If you’re only playing in large halls and are lucky enough to travel with the same board every night, run by the same engineer, with all the same equipment, you’re at least ruling out a lot of potential room for error.

But most of us touring around the country, playing clubs and trying to get our music out there, will more than likely be working with in-house staff on smaller, older analog boards with several other bands who might not share anything in common with us.

Chances are that a three-band (or more) bill won’t fit neatly onto one 16- or 24-channel mixer, especially in the age of digital doodads and gizmos. That means some channels and DIs will get switched out, and maybe switched around, between bands.
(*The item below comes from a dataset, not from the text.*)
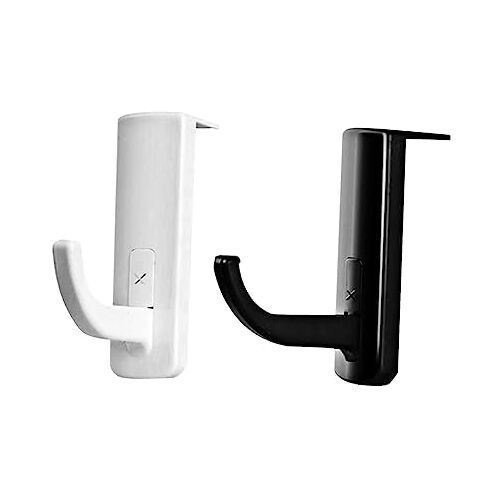 UKCOCO 4 Stuks Ophanghaakje Voor Koptelefoon Hoofdtelefoon Houder Koptelefoon Hanger Koptelefoon Rek Koptelefoon Houder Koptelefoon Standaard Koptelefoon Haak Monitor Computer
Also incredibly likely is that your monitor mix will need to be completely reset to the levels you checked, unless you’re working from a digital console and can save the session settings (although there have been plenty of times where my band’s settings have been “lost” somehow before getting onstage, so you can’t always count on that, either).

Most clubs will probably only have two or three auxiliary sends from the mixing board, meaning they’ll only have two or three separate mixes to send up to the stage, and they’ll need to be set specifically for each band.

While it’s likely that the lead singer of each band will be center stage and will want his or her voice in their monitor mix, you can’t necessarily even count on that level being the same from band to band.

So, chances are, your monitor mix might be different by the time you get up to the stage.

+ Learn more on Soundfly: Learn how to find and connect with your superfans through a crowdfunding project in our new Mainstage course, Crowdfunding for Musicians, taught by direct-to-fan guru, Jay Coyle!

It’s All in Your Head

The truth of the matter is that your perception of what’s happening onstage in soundcheck versus during the show is always going to be different because of your energy and mood.

You and the band might be a bit nervous heading out onstage to show the world what you’ve got. The stage lights may be hot and bright beaming down on you. There may be industry personalities present in the audience. Or perhaps you want to impress someone in the front row. Adrenaline is almost always at least a little present at the start of a show, and it can mess with your head.

There are a few problems that can arise from heightened, adrenaline-driven perception. You may want to be able to hear certain aspects of the mix perfectly, especially parts you control or that give you cues within songs.

This inclination can lead you to turn up your own stage volume, thereby altering everybody else’s perception of the mix and their place in it. Do not do this. Instead, motion to the engineer to increase your own sound or monitor levels and let him or her do it for you.

One bonus soundcheck tip is to check the drums by having the drummer play a simple beat rather than checking each drum individually. Drummers tend to hit harder when they’re really playing rather than tempering their individual hits to ease the annoyed ears of their bandmates. It keeps them engaged and gets a more accurate level reading to reflect the live performance.

Ultimately, if your sound is drastically changing between your soundcheck and set, chances are it’s just because the room is filling up with loads of fans, new and old, anxiously awaiting the chance to absorb the air pressure disturbances of your sounds into their open minds, ears, and hearts — and their aqueous bodies.

The fact is that you’re reacting to the sound with your own heart and soul pouring out of you, and that will simply never sound quite the same as it does in an empty room.